Department of Oncology, National Cheng Kung University Hospital, College of Medicine, National Cheng Kung University, Tainan 704, Taiwan.
Department of Genomic Medicine, National Cheng Kung University Hospital, College of Medicine, National Cheng Kung University, Tainan 704, Taiwan.
Biomolecules. 2022 Aug 17;12(8):1133. doi: 10.3390/biom12081133.
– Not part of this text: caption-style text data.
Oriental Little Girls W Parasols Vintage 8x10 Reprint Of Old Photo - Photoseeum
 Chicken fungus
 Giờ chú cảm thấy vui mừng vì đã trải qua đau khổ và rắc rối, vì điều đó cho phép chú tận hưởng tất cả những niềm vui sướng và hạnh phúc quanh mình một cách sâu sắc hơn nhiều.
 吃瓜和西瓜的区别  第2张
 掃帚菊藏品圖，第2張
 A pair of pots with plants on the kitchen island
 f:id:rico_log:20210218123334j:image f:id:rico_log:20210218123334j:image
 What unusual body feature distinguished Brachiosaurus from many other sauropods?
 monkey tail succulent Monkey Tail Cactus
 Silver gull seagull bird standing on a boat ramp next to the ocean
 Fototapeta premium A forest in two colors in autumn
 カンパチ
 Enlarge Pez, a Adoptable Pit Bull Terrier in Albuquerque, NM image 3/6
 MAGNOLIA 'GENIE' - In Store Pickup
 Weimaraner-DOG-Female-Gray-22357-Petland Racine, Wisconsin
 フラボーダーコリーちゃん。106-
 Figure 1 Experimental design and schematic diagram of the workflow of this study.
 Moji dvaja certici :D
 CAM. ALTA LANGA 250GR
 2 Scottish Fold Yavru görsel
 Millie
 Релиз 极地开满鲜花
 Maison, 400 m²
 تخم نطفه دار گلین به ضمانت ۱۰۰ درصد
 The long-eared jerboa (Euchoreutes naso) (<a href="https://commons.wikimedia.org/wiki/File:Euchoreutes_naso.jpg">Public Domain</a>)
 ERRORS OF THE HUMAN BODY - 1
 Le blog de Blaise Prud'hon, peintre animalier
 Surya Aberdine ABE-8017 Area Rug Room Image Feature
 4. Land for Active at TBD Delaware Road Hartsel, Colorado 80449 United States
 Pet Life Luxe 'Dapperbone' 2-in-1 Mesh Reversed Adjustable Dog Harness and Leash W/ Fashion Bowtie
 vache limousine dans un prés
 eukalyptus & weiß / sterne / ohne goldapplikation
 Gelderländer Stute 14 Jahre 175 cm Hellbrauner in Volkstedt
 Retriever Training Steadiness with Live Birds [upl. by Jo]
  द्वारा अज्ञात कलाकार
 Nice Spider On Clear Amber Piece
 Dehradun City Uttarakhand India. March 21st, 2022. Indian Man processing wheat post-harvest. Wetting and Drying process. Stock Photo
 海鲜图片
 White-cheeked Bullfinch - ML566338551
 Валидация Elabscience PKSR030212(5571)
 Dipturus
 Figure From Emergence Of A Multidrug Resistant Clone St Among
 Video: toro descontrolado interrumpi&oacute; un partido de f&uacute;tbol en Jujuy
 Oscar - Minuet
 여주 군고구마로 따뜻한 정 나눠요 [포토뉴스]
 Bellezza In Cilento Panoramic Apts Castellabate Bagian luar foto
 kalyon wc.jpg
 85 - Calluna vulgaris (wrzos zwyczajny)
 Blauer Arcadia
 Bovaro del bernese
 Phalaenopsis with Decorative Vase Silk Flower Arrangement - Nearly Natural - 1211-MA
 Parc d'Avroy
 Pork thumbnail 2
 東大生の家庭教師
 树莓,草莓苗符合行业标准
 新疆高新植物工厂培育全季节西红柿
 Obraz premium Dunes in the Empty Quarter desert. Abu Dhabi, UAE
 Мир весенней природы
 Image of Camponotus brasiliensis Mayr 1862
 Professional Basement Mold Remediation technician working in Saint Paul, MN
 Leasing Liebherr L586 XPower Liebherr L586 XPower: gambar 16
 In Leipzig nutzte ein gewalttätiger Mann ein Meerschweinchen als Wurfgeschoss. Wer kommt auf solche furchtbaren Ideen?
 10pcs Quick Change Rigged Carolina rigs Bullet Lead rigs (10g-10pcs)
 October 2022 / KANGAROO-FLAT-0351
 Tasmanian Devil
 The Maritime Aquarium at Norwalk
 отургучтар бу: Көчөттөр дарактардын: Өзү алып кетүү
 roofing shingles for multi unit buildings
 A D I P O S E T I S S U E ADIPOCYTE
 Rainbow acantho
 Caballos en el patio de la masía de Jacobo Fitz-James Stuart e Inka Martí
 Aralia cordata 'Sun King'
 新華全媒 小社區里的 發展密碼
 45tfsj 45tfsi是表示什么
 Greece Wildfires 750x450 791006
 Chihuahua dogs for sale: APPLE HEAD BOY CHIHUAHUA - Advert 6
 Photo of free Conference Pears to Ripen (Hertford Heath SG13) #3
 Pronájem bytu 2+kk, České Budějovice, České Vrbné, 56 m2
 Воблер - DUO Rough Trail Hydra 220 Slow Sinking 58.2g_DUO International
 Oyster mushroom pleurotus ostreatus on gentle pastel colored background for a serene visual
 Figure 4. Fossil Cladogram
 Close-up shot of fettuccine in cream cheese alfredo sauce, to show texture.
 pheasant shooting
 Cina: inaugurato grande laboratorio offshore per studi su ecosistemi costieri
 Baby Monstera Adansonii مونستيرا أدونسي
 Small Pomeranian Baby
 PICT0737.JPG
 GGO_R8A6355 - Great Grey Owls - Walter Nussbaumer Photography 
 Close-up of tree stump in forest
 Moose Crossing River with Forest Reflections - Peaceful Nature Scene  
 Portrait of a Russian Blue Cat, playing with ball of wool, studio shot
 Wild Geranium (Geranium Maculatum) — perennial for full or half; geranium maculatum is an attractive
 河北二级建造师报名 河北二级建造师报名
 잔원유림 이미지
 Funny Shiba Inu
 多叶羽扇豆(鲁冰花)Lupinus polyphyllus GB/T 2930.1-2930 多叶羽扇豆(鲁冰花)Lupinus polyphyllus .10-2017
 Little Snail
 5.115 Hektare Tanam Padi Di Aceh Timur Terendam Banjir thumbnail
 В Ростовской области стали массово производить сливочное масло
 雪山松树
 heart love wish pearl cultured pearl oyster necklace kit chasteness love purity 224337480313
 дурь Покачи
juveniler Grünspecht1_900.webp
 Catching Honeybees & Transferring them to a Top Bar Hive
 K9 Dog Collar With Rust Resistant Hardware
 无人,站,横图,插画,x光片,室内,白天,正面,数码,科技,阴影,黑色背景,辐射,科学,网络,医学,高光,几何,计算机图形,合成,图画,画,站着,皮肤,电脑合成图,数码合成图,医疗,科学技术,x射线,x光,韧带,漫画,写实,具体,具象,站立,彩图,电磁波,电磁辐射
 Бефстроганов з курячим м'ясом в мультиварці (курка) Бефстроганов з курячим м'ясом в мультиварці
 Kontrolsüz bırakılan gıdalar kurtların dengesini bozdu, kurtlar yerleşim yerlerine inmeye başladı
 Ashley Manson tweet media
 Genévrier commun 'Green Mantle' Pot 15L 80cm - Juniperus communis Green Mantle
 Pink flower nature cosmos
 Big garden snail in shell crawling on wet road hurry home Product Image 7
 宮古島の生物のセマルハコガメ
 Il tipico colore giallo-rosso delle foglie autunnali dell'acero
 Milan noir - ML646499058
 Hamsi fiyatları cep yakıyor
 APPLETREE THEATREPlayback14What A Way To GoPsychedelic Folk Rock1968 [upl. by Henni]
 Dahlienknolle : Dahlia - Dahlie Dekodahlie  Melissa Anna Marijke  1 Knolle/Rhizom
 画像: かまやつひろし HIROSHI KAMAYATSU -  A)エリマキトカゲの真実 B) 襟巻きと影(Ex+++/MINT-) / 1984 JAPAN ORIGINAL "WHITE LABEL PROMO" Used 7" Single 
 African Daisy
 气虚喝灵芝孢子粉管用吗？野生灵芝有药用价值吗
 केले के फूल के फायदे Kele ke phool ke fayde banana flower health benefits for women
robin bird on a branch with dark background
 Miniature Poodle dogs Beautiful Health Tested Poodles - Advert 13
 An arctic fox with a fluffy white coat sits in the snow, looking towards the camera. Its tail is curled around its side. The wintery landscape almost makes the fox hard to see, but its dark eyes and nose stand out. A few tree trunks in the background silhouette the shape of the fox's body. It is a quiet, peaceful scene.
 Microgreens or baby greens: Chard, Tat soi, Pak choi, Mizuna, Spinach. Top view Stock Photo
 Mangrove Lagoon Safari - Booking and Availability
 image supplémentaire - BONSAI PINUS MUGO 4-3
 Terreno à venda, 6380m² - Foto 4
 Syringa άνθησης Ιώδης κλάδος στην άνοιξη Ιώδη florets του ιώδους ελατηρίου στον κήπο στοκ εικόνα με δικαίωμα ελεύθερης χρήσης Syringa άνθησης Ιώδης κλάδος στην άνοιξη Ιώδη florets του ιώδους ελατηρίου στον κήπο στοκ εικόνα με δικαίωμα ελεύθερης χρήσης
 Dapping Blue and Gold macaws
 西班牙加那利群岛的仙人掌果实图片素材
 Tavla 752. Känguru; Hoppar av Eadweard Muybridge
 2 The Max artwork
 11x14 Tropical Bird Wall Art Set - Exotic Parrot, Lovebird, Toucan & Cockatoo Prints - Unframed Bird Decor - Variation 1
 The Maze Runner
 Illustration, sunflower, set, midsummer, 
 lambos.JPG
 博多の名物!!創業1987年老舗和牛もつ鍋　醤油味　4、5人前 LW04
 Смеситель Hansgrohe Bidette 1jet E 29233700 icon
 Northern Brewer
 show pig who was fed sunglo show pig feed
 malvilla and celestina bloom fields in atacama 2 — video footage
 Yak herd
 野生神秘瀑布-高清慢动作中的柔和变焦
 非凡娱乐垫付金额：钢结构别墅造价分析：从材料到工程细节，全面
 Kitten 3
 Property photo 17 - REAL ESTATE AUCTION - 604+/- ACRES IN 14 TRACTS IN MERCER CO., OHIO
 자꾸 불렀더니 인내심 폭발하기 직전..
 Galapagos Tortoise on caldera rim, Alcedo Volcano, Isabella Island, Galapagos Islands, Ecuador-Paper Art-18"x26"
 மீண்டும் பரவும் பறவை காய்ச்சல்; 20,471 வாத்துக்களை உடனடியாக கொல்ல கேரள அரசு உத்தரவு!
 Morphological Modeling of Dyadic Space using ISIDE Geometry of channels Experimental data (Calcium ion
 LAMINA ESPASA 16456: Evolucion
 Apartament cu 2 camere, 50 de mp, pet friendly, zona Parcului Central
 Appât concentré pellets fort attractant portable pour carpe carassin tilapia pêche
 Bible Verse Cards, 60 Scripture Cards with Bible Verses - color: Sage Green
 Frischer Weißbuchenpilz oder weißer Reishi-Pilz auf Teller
To provide precision medicine for better cancer care, researchers must work on clinical patient data, such as electronic medical records, physiological measurements, biochemistry, computerized tomography scans, digital pathology, and the genetic landscape of cancer tissue. To interpret big biodata in cancer genomics, an operational flow based on artificial intelligence (AI) models and medical management platforms with high-performance computing must be set up for precision cancer genomics in clinical practice. To work in the fast-evolving fields of patient care, clinical diagnostics, and therapeutic services, clinicians must understand the fundamentals of the AI tool approach. Therefore, the present article covers the following four themes: (i) computational prediction of pathogenic variants of cancer susceptibility genes; (ii) AI model for mutational analysis; (iii) single-cell genomics and computational biology; (iv) text mining for identifying gene targets in cancer; and (v) the NVIDIA graphics processing units, DRAGEN field programmable gate arrays systems and AI medical cloud platforms in clinical next-generation sequencing laboratories. Based on AI medical platforms and visualization, large amounts of clinical biodata can be rapidly copied and understood using an AI pipeline. The use of innovative AI technologies can deliver more accurate and rapid cancer therapy targets.
为了提供精准医学以改善癌症护理,研究人员必须研究临床患者数据,例如电子病历、生理测量、生物化学、计算机断层扫描、数字病理学以及癌症组织的遗传特征。为了解读癌症基因组学中的大型生物数据,必须在高性能计算的人工智能 (AI) 模型和医疗管理平台上建立基于人工智能的操作流程,以实现临床实践中的精准癌症基因组学。为了在患者护理、临床诊断和治疗服务等快速发展的领域中工作,临床医生必须了解 AI 工具方法的基础知识。因此,本文涵盖了以下四个主题:(i)癌症易感性基因的致病性变异的计算预测;(ii)突变分析的 AI 模型;(iii)单细胞基因组学和计算生物学;(iv)癌症中基因靶点的文本挖掘;以及(v)NVIDIA 图形处理单元、DRAGEN 现场可编程门阵列系统和 AI 医疗云平台在临床下一代测序实验室中的应用。基于 AI 医疗平台和可视化,大量的临床生物数据可以使用 AI 管道快速复制和理解。创新 AI 技术的使用可以提供更准确和快速的癌症治疗靶点。